The advantage of this method is that you have everything installed in it (Python and various frameworks). Alternatively, you can install everything on your machine. For Python packages, just use a virtual environment:

conda create -n fink-env python=3.9
BASEURL=https://raw.githubusercontent.com/astrolabsoftware/fink-broker/master/deps
pip install -r $BASEURL/requirements.txt
pip install -r $BASEURL/requirements-science.txt
pip install -r $BASEURL/requirements-science-no-deps.txt

Then you need to install Apache Spark. If you opted for the Docker version, it is already installed for you. Otherwise just execute:

SPARK_VERSION=3.1.3
wget --quiet https://archive.apache.org/dist/spark/spark-${SPARK_VERSION}/spark-${SPARK_VERSION}-bin-${HADOOP_VERSION}.tgz
tar -xf spark-${SPARK_VERSION}-bin-${HADOOP_VERSION}.tgz
rm spark-${SPARK_VERSION}-bin-${HADOOP_VERSION}.tgz

and put these lines in your ~/.bash_profile:

export SPARK_HOME=/path/to/spark-${SPARK_VERSION}-bin-${HADOOP_VERSION}
export PATH=$PATH:$SPARK_HOME/bin
export PYTHONPATH=$PYTHONPATH:$SPARK_HOME/python

Finally fork and clone the fink-science repository, and create a new folder in fink_science/. The name of the folder does not matter much, but try to make it meaningful as much as possible!

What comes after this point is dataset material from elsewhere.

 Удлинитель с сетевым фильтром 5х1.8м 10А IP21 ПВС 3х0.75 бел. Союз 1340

Develop your science module

A module contains necessary routines and classes to process the alert data, and add values. In this simple example, we explore a simple science module that takes magnitude measurements contained in each alert, and computes the change in magnitude between the last two measurements. A full example can be found at https://github.com/astrolabsoftware/fink-science/tree/master/tutorial.

A science module will typically contains two parts: the processor that contains the main routine called by Fink, and any other modules used by the processor. The processor will typically look like:

from pyspark.sql.functions import pandas_udf
from pyspark.sql.types import FloatType

import pandas as pd

from mymodule import super_magic_funtion

@pandas_udf(FloatType())
def myprocessor(objectId: pd.Series, magpsf: pd.Series, anothercolumn: pd.Series) -> pd.Series:
    """ Documentation please!
    """
    # your logic goes here
    output = super_magic_funtion(*args)

    # Return a column
    return pd.Series(output)

Remarks:

  • The use of the decorator is mandatory. It is a decorator for Apache Spark, and it specifies the output type as well as the type of operation.
  • You can return only one new column (i.e. add one new information per module). However the column can be nested (i.e. containing lists or dictionaries as elements).

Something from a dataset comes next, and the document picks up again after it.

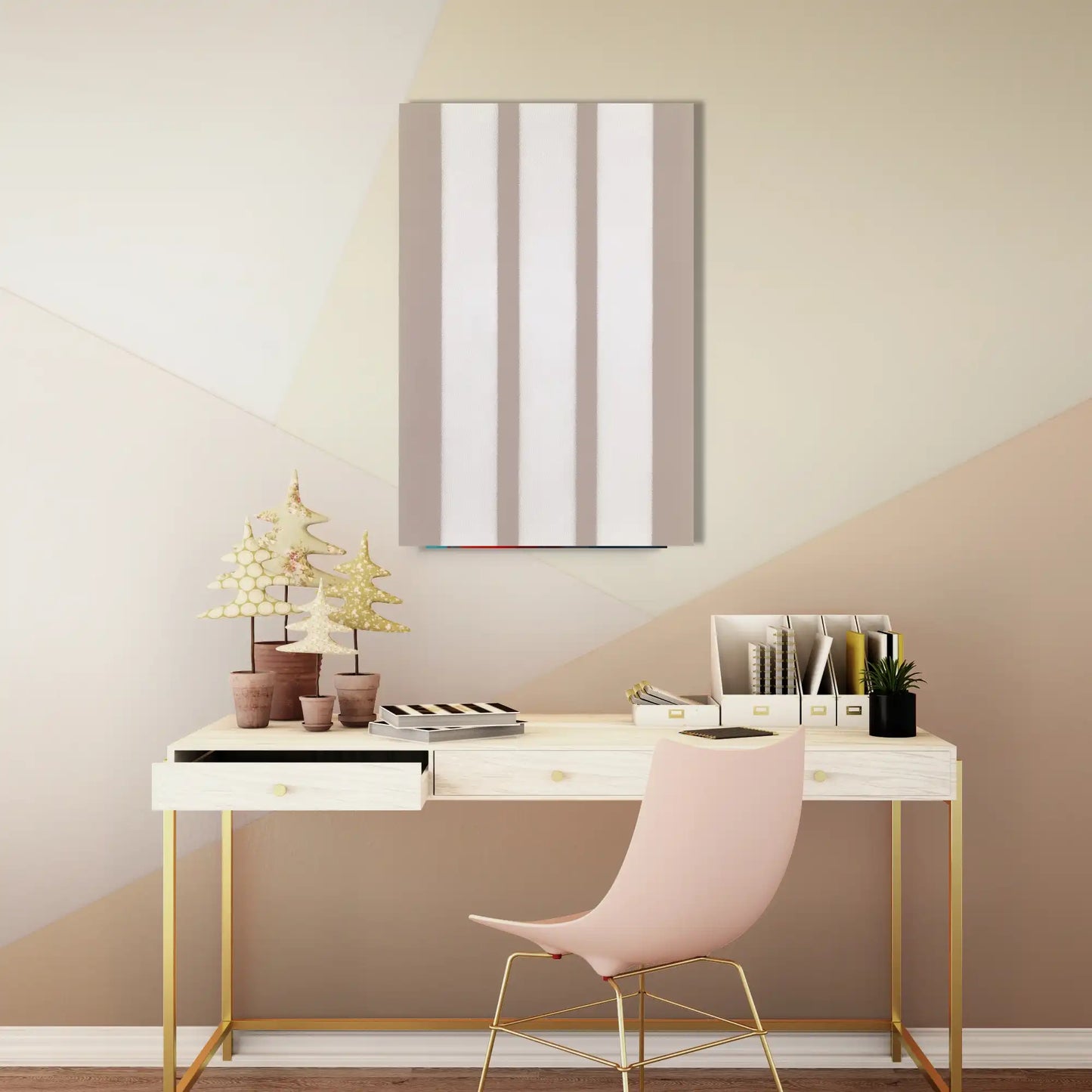 Tableau Minimaliste à Bandes Verticales 3 - Blanches et Beige Taupe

To test your module, you need some real data to play with. For this, you can use the Data Transfer service (a few nights are usually enough to prototype): https://fink-portal.org/download.

Submit your science module

Once your science module is done, open a Pull Request on the fink-science repository on GitHub, and we will review it and test it extensively before deployment. The criteria for acceptance are:

  • The science module works ;-)
  • The execution time is not too long.

We want to process data as fast as possible, and long running times add delay for further follow-up observations. What execution time is acceptable? It depends, but in any case communicate early the extra time overhead, and we can have a look together on how to speed-up the process if needed.

Play!

Once your module is deployed, outgoing alerts will contain new information! You can then define your filter using fink-filters, and you will then be able to receive these alerts in (near) real-time using the fink-client, or access them at any time in the Science Portal.

DESC-ELAsTiCC science modules

These modules are being tested for Rubin era on the LSST-DESC ELAsTiCC data challenge:

Field in Fink alerts Type Contents
rf_agn_vs_nonagn float Probability to be an AGN based on Random Forest classifier (1 is AGN).
rf_snia_vs_nonia float Probability to be a rising SNe Ia based on Random Forest classifier (1 is SN Ia). Based on https://arxiv.org/abs/2111.11438
snn_snia_vs_nonia float Probability to be a SNe Ia based on SuperNNova classifier (1 is SN Ia). Based on https://arxiv.org/abs/1901.06384
preds_snn array[float] Broad classifier based on SNN. Returns [class, max(prob)].
cbpf_preds array[float] Fine classifier based on the CBPF Algorithm for Transient Search. Returns [class, max(prob)].